An illustrative example of the binomial distribution

Highlighting an important distinction between the two sample sizes in a binomial sample

If you flip a fair coin independently 3 times, you can view this process in two equivalent ways:

• 3 independent Bernoulli random variables, each with a probability of heads being 0.50.

• 1 binomial random variable of 3 independent Bernoulli trials, each with a probability of heads being 0.50.

Let’s choose the second approach. You can denote this binomial random variable as

\(Y \sim Binomial(n=3, \theta=0.5)\)

Now, let’s suppose further that you repeat this process 4 times.
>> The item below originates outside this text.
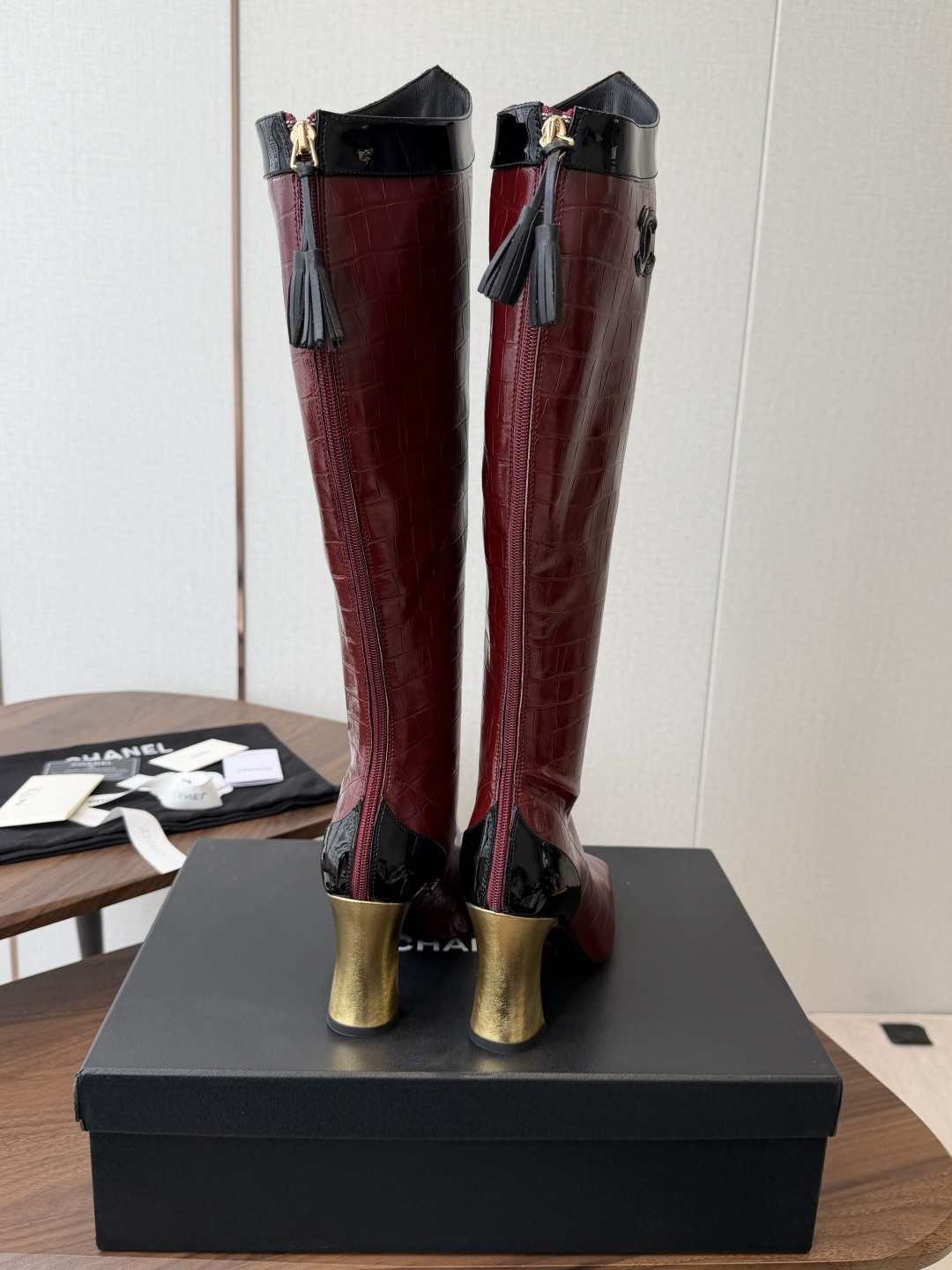 CHANEL 香奈儿 26ss 小香秋冬新款 简约 骑士靴 这款靴子真的是帅气时尚的代表 低调不失奢华!简约时尚个性又大 CHANEL 香奈儿 26ss 小香秋冬新款 简约 骑士靴 这款靴子真的是帅气时尚的代表 低调不失奢华!简约时尚个性又大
This leads to 4 binomial random variables.

Here is a very important point: There are two different sample sizes here.

• n = 3, the number of Bernoulli trials within each binomial variable

• k = 4, the number of binomial random variables in this sample

When working with the binomial distribution, make sure that you distinguish between these two sample sizes. (Strictly speaking, n is a parameter of the binomial distribution, and k is the sample size.)

When describing a sample of binomial random variables with mathematical notation, it is common to use a letter such as i as the index for the random variables in the sample. In this case, I can write this sample as

\(Y_i \stackrel{iid}{\sim} \text{Binomial}(n=3, \theta=0.5); \ i = 1, 2, 3, 4\)

It took me a while to fully absorb these details - especially the two different sample sizes. I encourage you to inspect this example carefully and write the probability mass function (PMF) explicitly to fully grasp this important distribution.